One can’t help but imagine what residents of the upper east side of Manhattan think every year in May when the massive white tent assembles on Randall’s Island. Surely thousands can see it from their apartments. And a veritable circus takes place under its temporary roof. This week’s fair (the third in New York) saw top galleries from around the world show off their finest artists and artworks. Here are a few notable selections from the event that flew under the radar, beneath the bling:
Bortolami brought several still lifes by Jutta Koether that used bright pink, purple, and orange tones.
It may not be ‘under the radar’ but Hauser & Wirth’s booth deserved credit nonetheless for its thoughtfully curated mini-exhibition ‘On The Fabric of The Human Body’ featuring work by Rita Ackermann, Louise Bourgeois, Isa Genzken, and Paul McCarthy. All works dealt with the artist as an explorer of human anatomy. The works alternated between red and blue – signifiers of oxygenated and venous blood, respectively. Isa Genzken’s Untitled (2012) hides the non-flesh of a mannequin, provocatively draped in a blue cape.
Sculpture highlights included Gaston Lachaise’s Torso with Arms Raised (1935) at Cheim & Read, adding a bit of pre-war talent to the contemporary bling.
Luhring Augustine occupied one of the large, eye-catching corner booths at the tent’s busy junctures, but one of their stronger works was tucked out of sight: Albert Oehlen’s Untitled (1996) is a mixed media printout created with computer graphics tools in a purposely untutored, glitch aesthetic.

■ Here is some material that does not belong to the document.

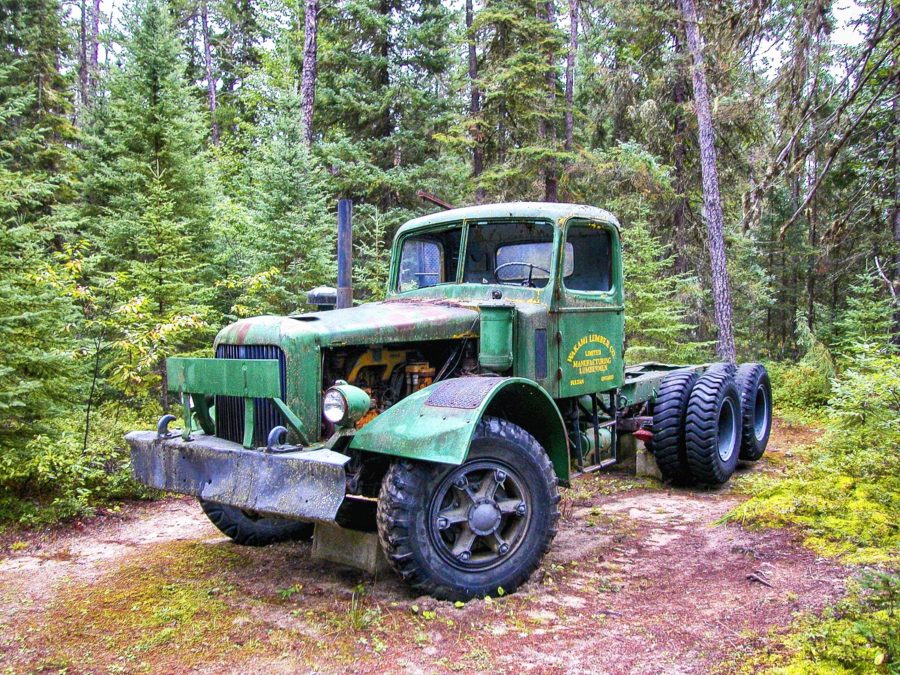 Old green truck parked on display in the Wakami Lake forest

Casa Triângulo installed Yuri Firmeza’s Ruin Project, a series of photographs of ruins in his native Brazil. They depict Alcântara, which in the 19th century experienced a building boom in anticipation of a visit from Emperor Dom Pedro II, who never arrived. Firmeza aligns these ruin images with three-dimensional models of contemporary Brazilian structures and renderings of imagined ruins, helping us think through questions of urban progress.
Galerie Rodolphe Janssen presented a solo project by Davide Balula consisting of functioning Wi-Fi sculptures – the round antennae are hooked up to routers emitting signal. These works stood in front of a wall of the artist’s burnt wood panels and their paler, printed mirror images. The works function together: if the god Prometheus gave us fire, today we worship the provider of Wi-Fi.
Frieze New York was at Randall’s Island Park, Manhattan, from 9–12 May.